During a 2017 interview with "The Joe Rogan Experience" podcast, Hetfield spoke in more detail about checking into rehab 21 years ago and how he almost lost his family in the process.
"Fear was a big motivator in that for me," Hetfield said. "Losing my family, that was the thing that scared me so much. That was the bottom I hit, that my family is going to go away because of my behaviors that I brought home from the road. I got kicked out of my house by my wife; I was living on my own somewhere. I did not want that. Maybe as part of my upbringing, my family kind of disintegrated when I was a kid. Father left, mother passed away, had to live with my brother, and then kind of just, where did my stuff go? It just kind of floated away, and I do not want that happening. No matter what's going on, we're going to talk this stuff out and make it work."
He continued: "[My wife] did the right thing — she kicked my ass right out of the house and that scared the shit out of me. She said, 'Hey, you're not just going to the therapist now and talking about this. You've got to go somewhere and sort this shit out.' So that's what I did… What worked for me was seven weeks someplace — like, basically tearing you down to bones, ripping your life apart. Anything you thought about yourself or what it was, anything you thought you had, your family, your career, anything, gone. Strip you down to just — you're born. Here's how you were when you were born — you were okay. You were a good person. Let's get back to that again. Then they slowly rebuild you."
Hetfield's issues with addiction and alcoholism were detailed in the 2004 documentary "Some Kind Of Monster".
James and his family moved to the "super quiet" Vail, Colorado after decades of life in the San Francisco Bay Area. He told podcaster Joe Rogan that loved visiting Vail because he could feel like "a part of nature" and take part in one of his favorite hobbies, hunting, with less judgment.
"I kind of got sick of the Bay Area, the attitudes of the people there, a little bit," Hetfield said. "They talk about how diverse they are, and things like that, and it's fine if you're diverse like them.
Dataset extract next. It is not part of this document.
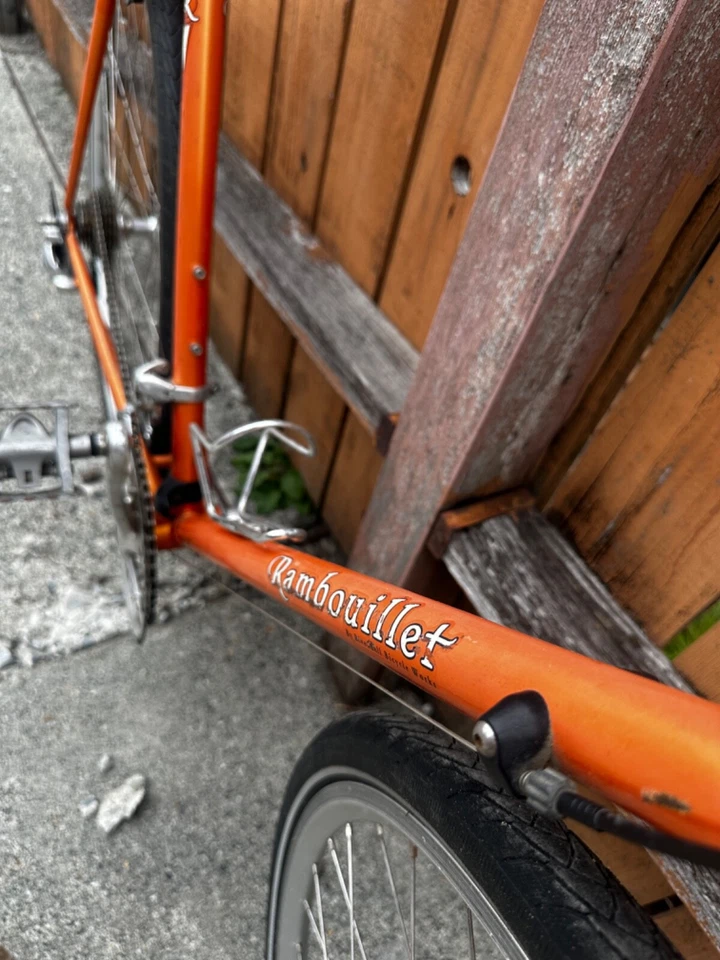 Rivendell Rambouillet - 66cm - Steel Road / All Surfaces Bike - Good Condition - - Image 3 of 4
But showing up with a deer on the bumper doesn't fly in Marin County. My form of eating organic doesn't vibe with theirs."
Hetfield also said that in the Bay Area, he felt "that there was an elitist attitude there — that if you weren't their way politically, their way environmentally, all of that, that you were looked down upon."
James said he and his wife also chose Vail because she grew up there after being born in Argentina, and because he just feels more "at home" in the mountains.